━━ Provided records ━━

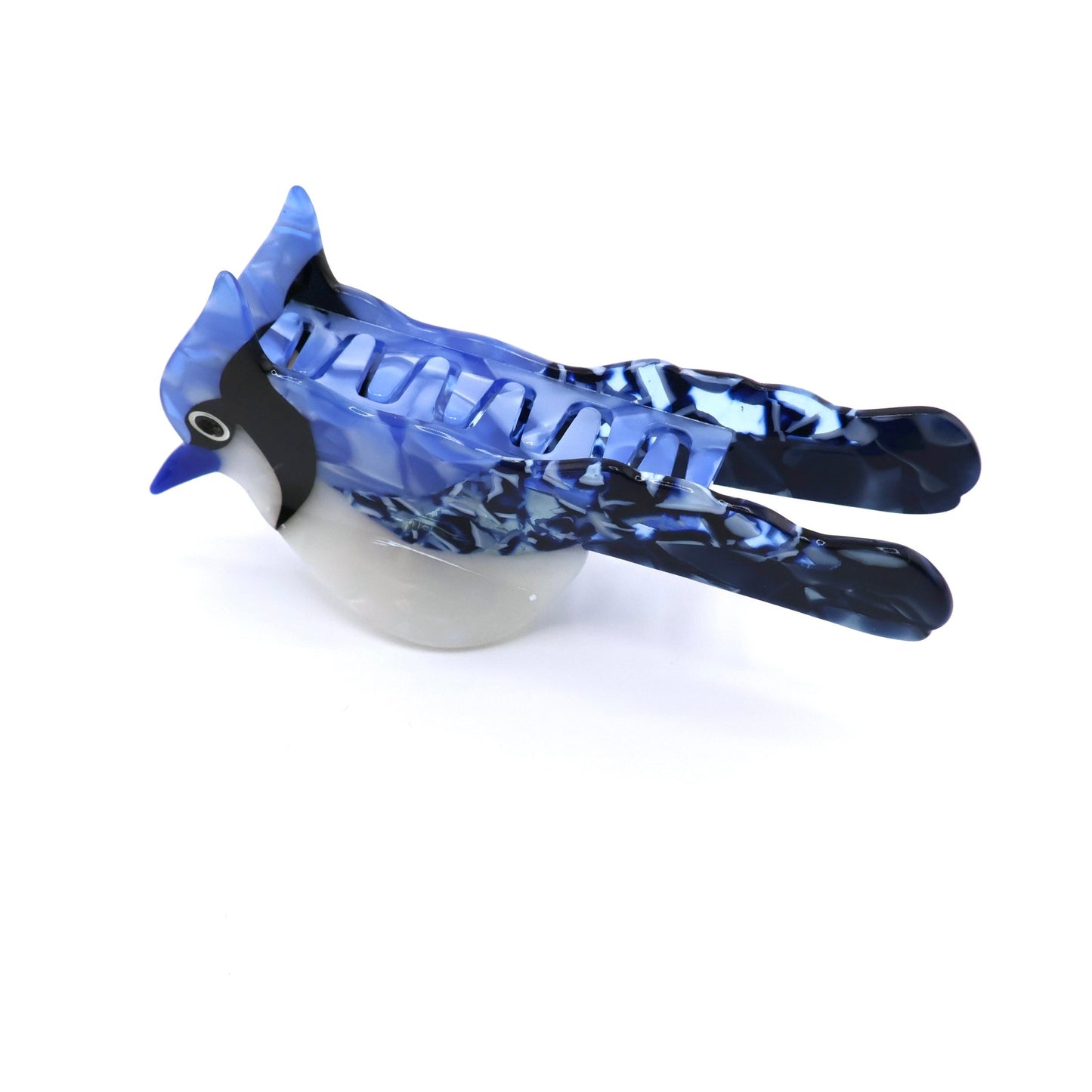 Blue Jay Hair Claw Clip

━━━
━━ Provided records ━━

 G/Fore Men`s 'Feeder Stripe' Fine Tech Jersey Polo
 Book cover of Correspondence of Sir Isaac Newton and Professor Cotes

━━━

- [Work to be completed]:
Write out exactly the lines above from the line with "Tech Jersey Polo" through the line with "Book cover of", both of them included, and leave out all other lines.

- [Answer]:
 G/Fore Men`s 'Feeder Stripe' Fine Tech Jersey Polo
 Book cover of Correspondence of Sir Isaac Newton and Professor Cotes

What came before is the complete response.